**Task brief**. Which lines of the entries below run from the one holding "Imagem de Moldura" to the one holding "Santiags à strass (3 coloris)", inclusive? Set down exactly those lines and no others.

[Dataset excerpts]
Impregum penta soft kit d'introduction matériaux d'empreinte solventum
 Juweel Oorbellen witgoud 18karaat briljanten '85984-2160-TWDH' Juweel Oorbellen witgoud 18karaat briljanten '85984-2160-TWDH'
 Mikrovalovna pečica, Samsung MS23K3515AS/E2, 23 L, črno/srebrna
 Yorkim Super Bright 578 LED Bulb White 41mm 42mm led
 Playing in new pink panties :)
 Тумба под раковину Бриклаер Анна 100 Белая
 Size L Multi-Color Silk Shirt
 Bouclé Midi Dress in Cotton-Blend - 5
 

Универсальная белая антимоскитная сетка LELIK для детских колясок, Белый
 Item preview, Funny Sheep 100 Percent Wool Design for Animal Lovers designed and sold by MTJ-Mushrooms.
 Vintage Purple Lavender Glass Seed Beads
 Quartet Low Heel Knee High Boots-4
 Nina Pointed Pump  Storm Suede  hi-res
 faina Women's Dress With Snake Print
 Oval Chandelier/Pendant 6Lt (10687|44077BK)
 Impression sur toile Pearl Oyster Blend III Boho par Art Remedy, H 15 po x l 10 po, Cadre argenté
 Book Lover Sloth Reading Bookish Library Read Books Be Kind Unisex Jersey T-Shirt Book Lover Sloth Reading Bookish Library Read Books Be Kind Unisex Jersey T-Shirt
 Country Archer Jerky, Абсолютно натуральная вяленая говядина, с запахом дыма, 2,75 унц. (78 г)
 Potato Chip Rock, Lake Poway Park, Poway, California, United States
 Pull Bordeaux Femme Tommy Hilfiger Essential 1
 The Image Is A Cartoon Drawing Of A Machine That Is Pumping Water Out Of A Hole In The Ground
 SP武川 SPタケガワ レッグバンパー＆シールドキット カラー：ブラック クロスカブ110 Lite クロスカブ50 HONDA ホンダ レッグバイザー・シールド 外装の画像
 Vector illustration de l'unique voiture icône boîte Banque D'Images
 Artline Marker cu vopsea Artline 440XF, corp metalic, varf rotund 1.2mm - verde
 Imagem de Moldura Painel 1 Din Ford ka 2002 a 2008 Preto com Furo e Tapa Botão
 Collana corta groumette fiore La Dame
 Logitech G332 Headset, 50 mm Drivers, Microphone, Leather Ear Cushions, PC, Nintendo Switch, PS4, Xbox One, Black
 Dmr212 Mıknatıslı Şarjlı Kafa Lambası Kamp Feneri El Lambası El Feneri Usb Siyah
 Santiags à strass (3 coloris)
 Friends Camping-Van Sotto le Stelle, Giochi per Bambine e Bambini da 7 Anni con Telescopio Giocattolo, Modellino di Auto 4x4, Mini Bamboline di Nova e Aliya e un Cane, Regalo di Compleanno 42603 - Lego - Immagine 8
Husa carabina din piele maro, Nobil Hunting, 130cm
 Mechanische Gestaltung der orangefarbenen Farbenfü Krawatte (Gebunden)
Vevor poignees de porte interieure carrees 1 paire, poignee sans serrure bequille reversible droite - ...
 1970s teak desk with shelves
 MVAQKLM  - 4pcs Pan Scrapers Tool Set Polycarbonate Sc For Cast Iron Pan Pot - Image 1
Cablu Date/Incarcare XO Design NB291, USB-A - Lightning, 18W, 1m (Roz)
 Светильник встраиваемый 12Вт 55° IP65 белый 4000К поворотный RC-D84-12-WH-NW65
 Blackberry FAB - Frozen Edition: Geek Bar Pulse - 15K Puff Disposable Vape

**Response to this exercise**.
 Imagem de Moldura Painel 1 Din Ford ka 2002 a 2008 Preto com Furo e Tapa Botão
 Collana corta groumette fiore La Dame
 Logitech G332 Headset, 50 mm Drivers, Microphone, Leather Ear Cushions, PC, Nintendo Switch, PS4, Xbox One, Black
 Dmr212 Mıknatıslı Şarjlı Kafa Lambası Kamp Feneri El Lambası El Feneri Usb Siyah
 Santiags à strass (3 coloris)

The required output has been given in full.